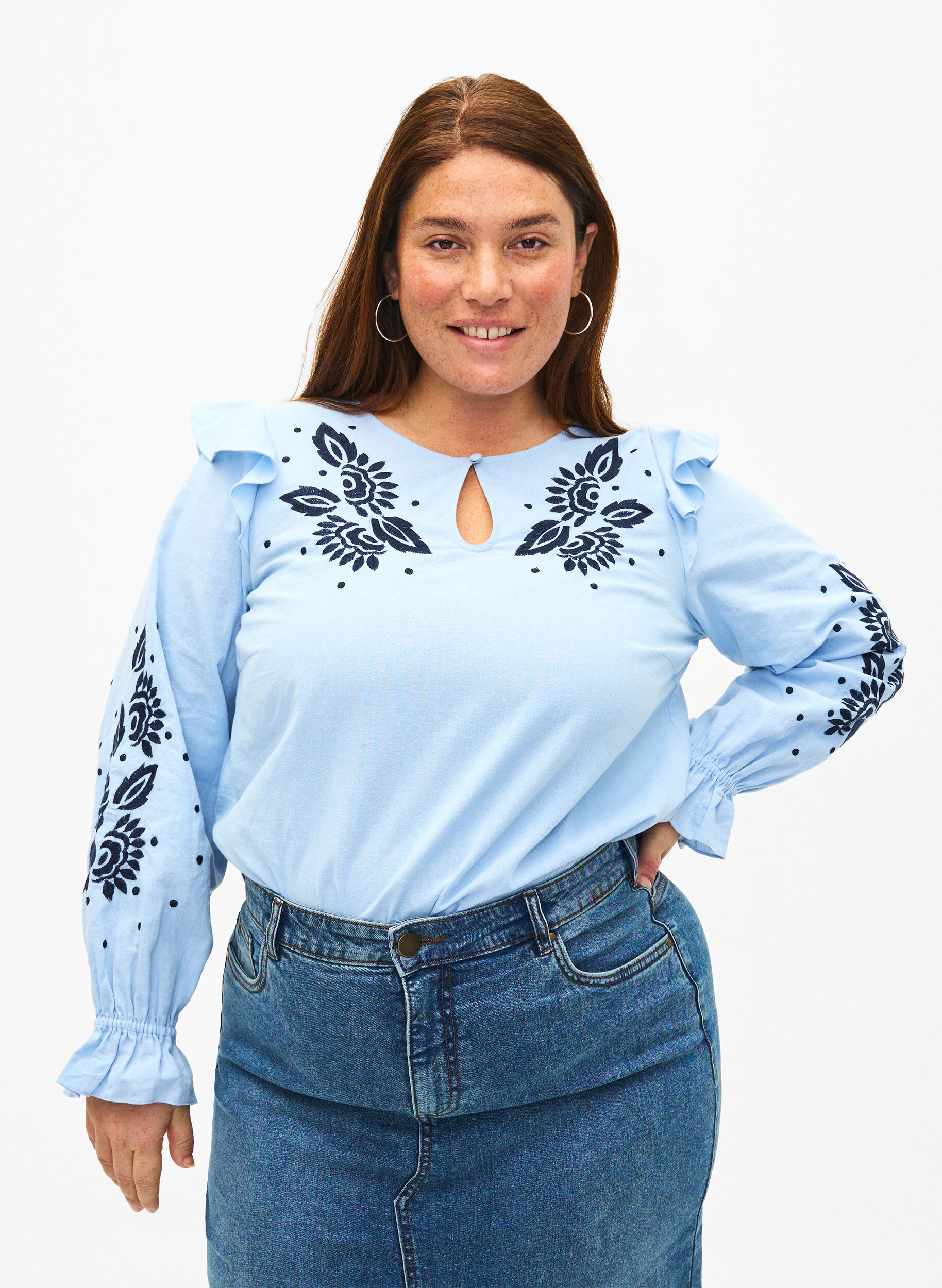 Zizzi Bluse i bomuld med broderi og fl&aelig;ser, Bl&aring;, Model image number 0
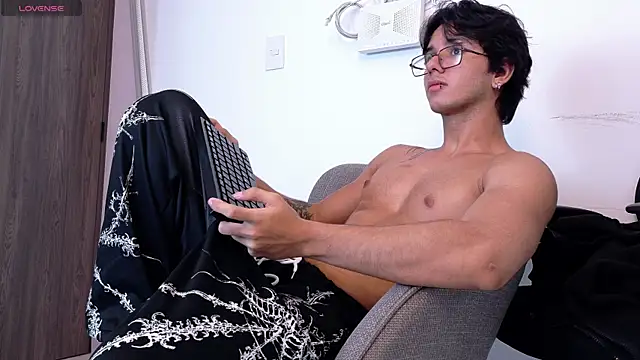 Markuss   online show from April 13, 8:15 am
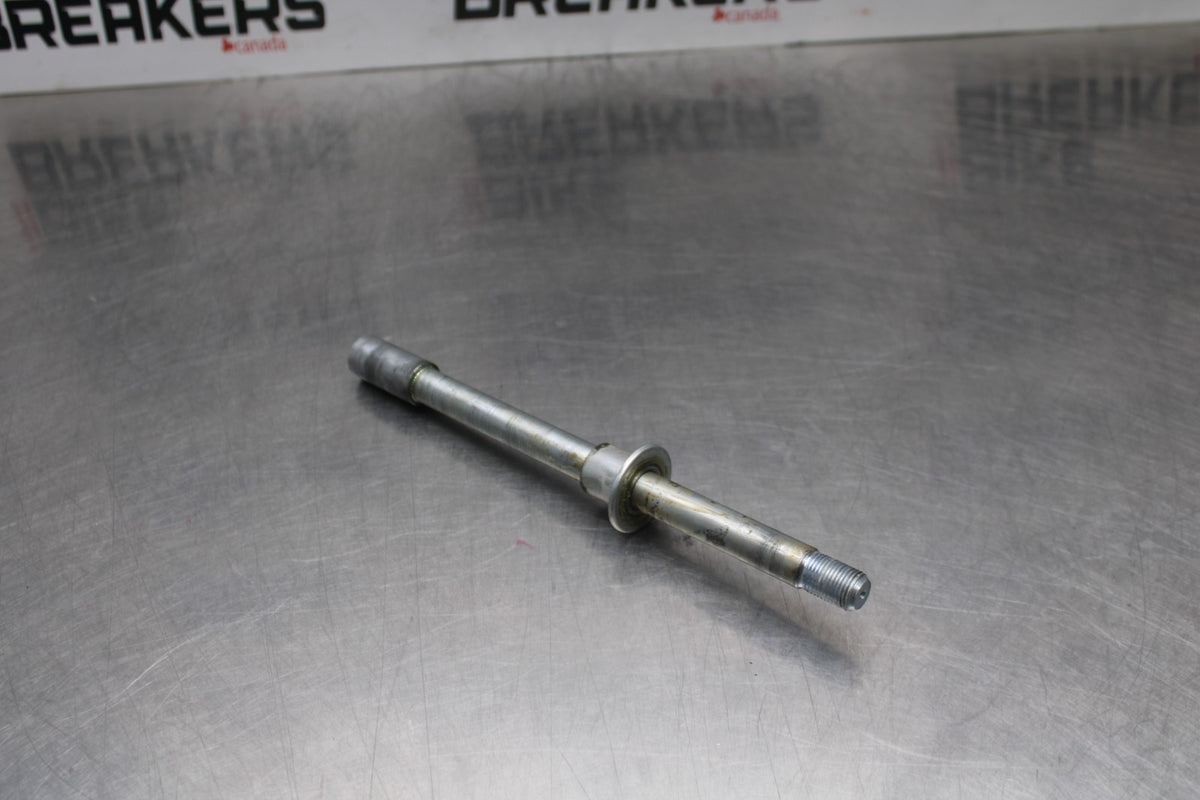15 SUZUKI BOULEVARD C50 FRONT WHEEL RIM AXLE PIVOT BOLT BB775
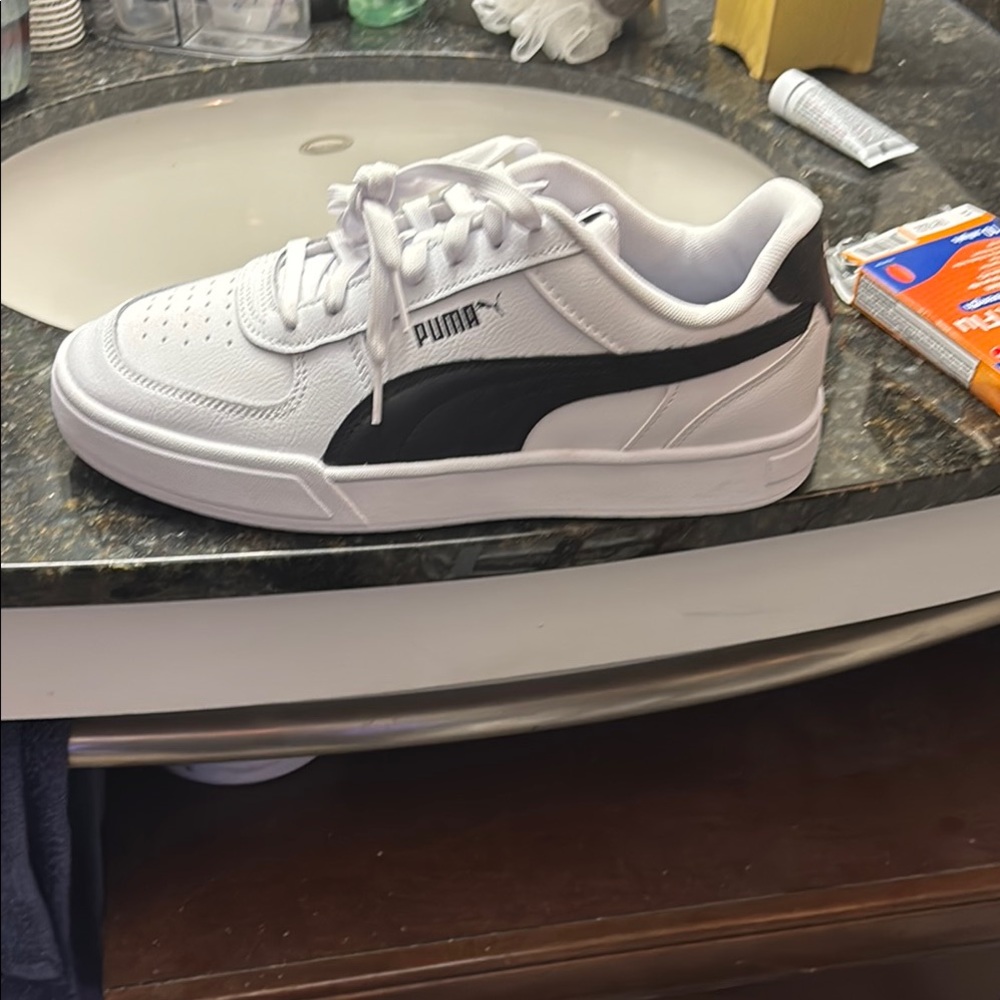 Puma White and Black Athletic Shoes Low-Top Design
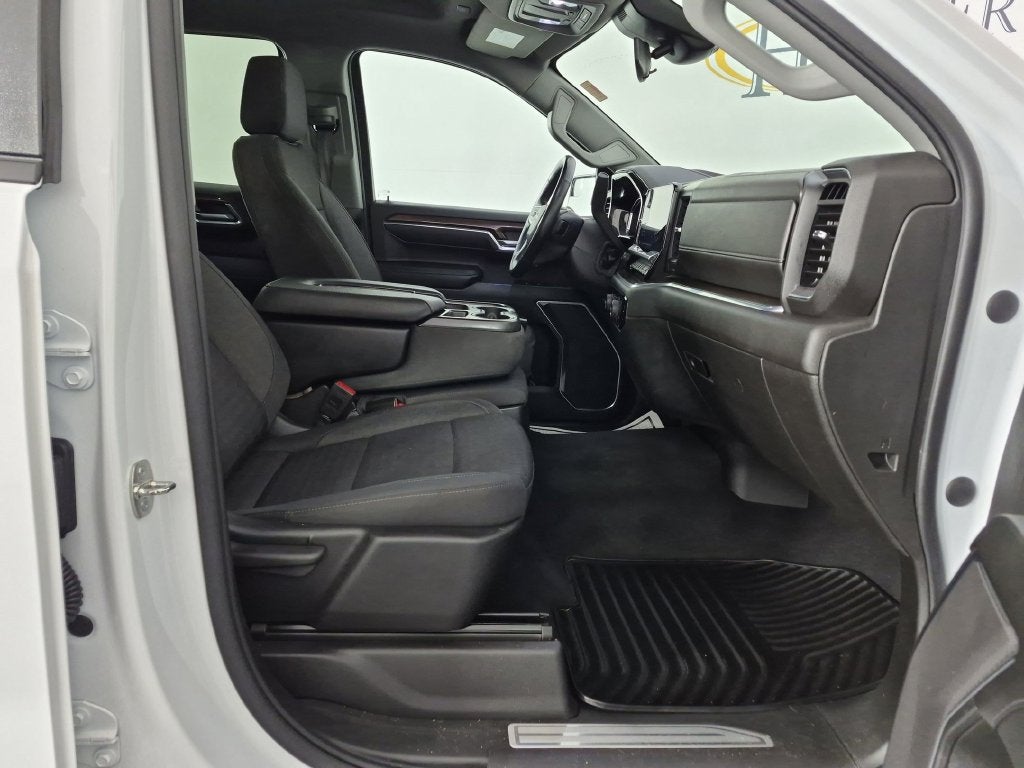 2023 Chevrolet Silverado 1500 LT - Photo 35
...
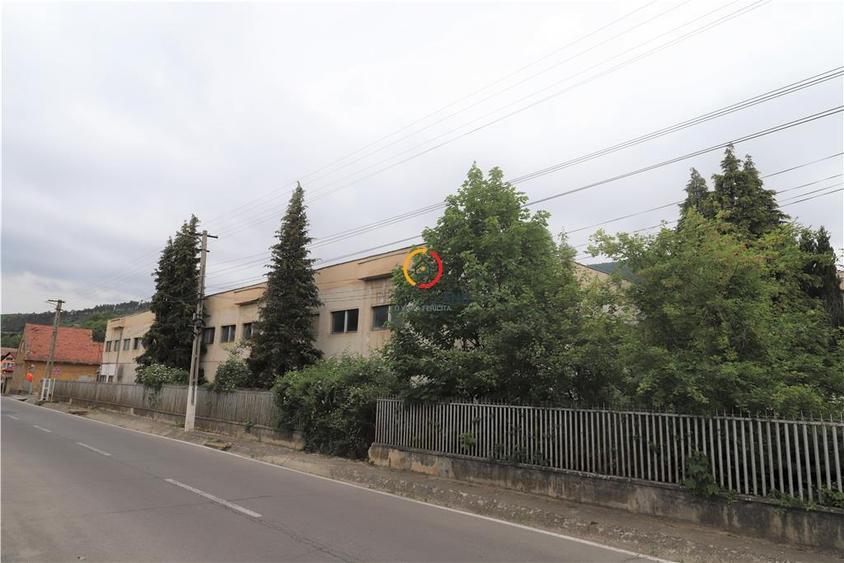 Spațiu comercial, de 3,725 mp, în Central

Your instructions: From the material above, output only the span of lines that starts at the one containing "Zizzi Bluse i" and finishes at the one containing "2023 Chevrolet Silverado 1500 LT - Photo 35", word for word and free of pictures.

Task solution:
 Zizzi Bluse i bomuld med broderi og fl&aelig;ser, Bl&aring;, Model image number 0
 Markuss   online show from April 13, 8:15 am
15 SUZUKI BOULEVARD C50 FRONT WHEEL RIM AXLE PIVOT BOLT BB775
 Puma White and Black Athletic Shoes Low-Top Design
 2023 Chevrolet Silverado 1500 LT - Photo 35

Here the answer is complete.